---------- Records to use ----------
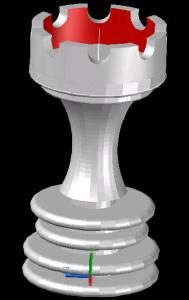 Torre de ajedrez 3d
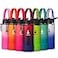 Farsea Insulated Water Bottle With Paracord Handle Protective Silicone Boot and 2 Lids Straw Lid Spout Lid Stainless Steel Water Bottle Wide Mouth Double Wall SweatProof BPAFree 18 oz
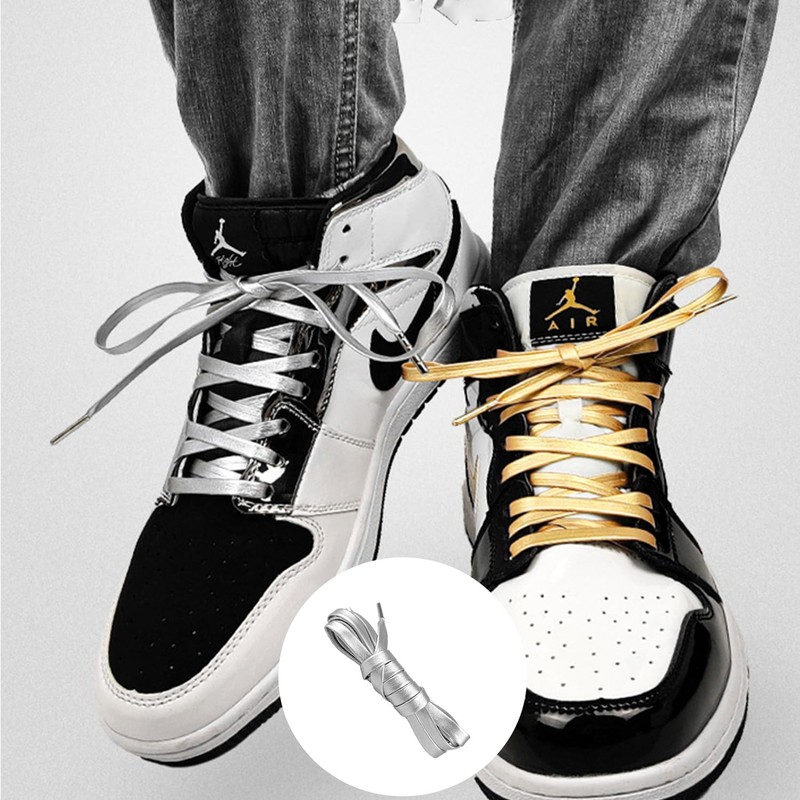 [YaoooosF] Shoelaces Flat Laces Leather Shoe Laces for Sneakers Athletic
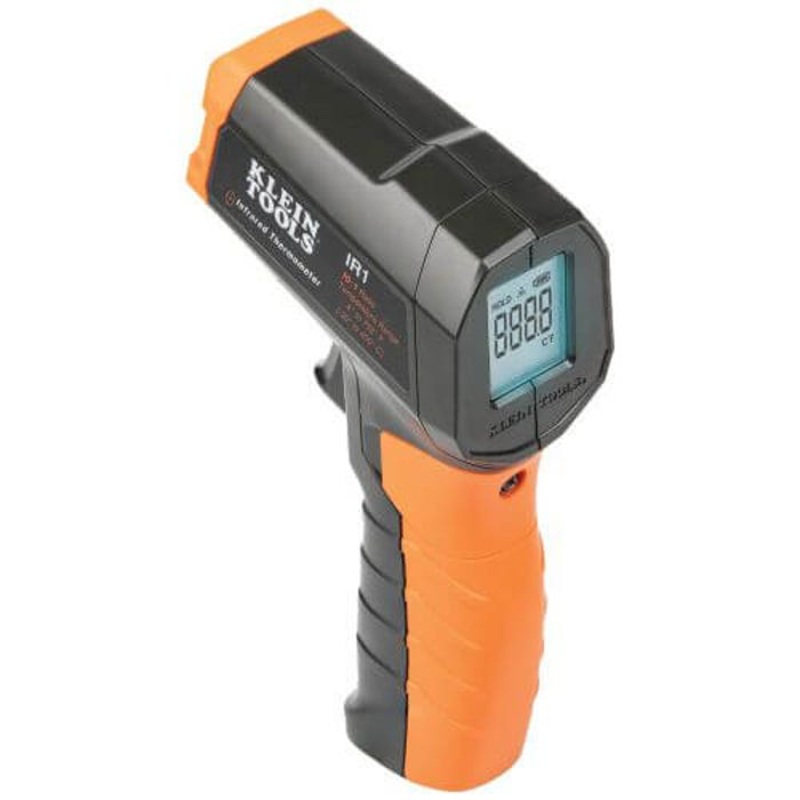 Klein IR1 Infrared Digital Thermometer with Targeting Laser, Optical Resolution (Distance-to-Spot) of 10:1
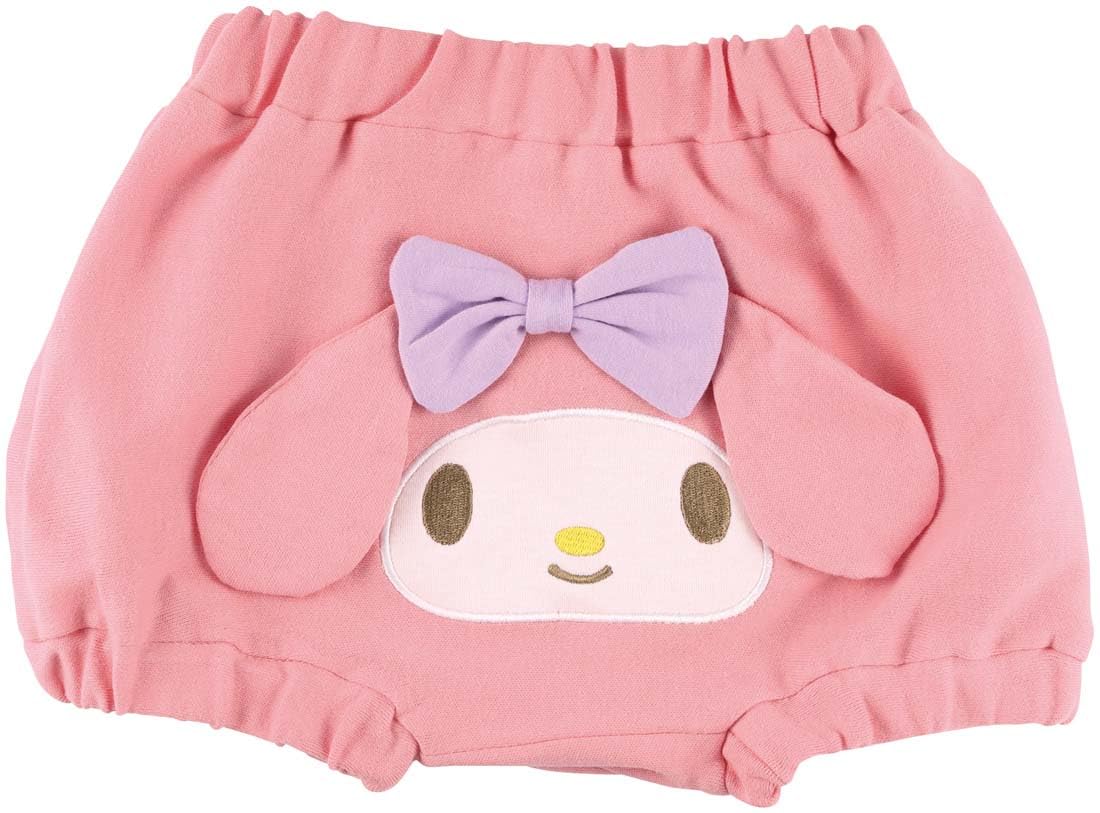 

Skater Baby Bloomer Pumpkin My Melody Die-Cut Pants, 100% Cotton, 80-90cm, Pants, Design, CBBL1-A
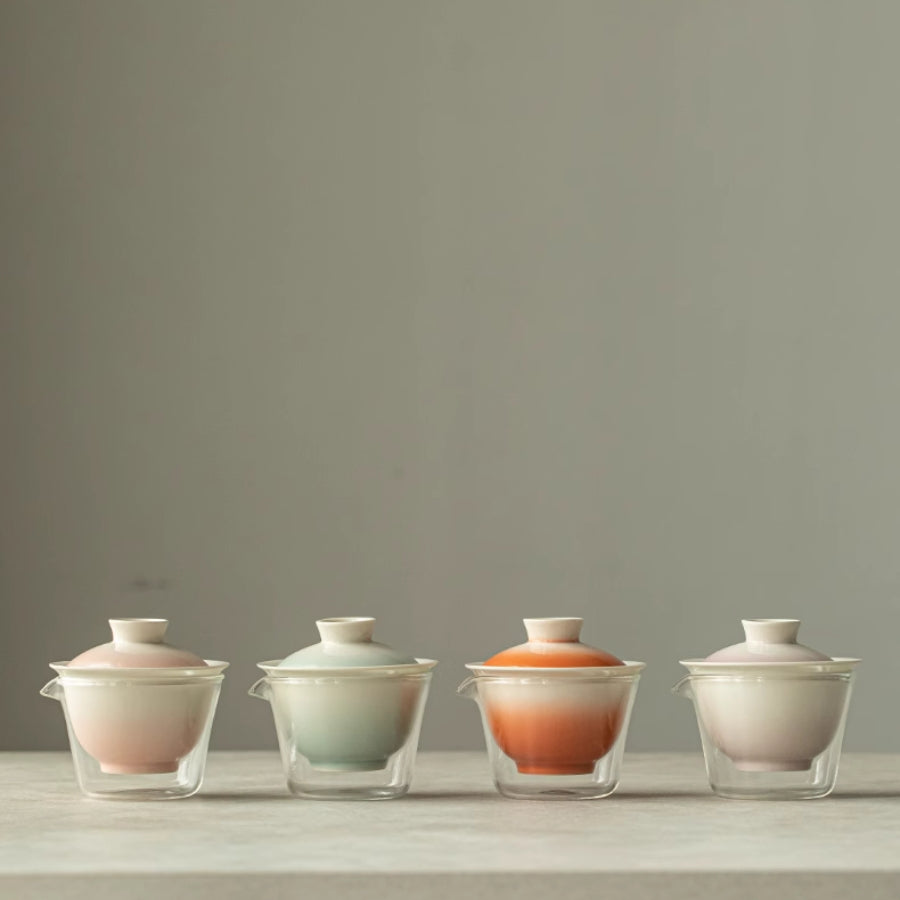 Gradient Travel Tea Set for beginner | Joy Flow My Store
----------
Exercise :: Every line above should be returned exactly; the pictures stay out.

Answer to this exercise ::
 Torre de ajedrez 3d
 Farsea Insulated Water Bottle With Paracord Handle Protective Silicone Boot and 2 Lids Straw Lid Spout Lid Stainless Steel Water Bottle Wide Mouth Double Wall SweatProof BPAFree 18 oz
 [YaoooosF] Shoelaces Flat Laces Leather Shoe Laces for Sneakers Athletic
 Klein IR1 Infrared Digital Thermometer with Targeting Laser, Optical Resolution (Distance-to-Spot) of 10:1

Skater Baby Bloomer Pumpkin My Melody Die-Cut Pants, 100% Cotton, 80-90cm, Pants, Design, CBBL1-A
 Gradient Travel Tea Set for beginner | Joy Flow My Store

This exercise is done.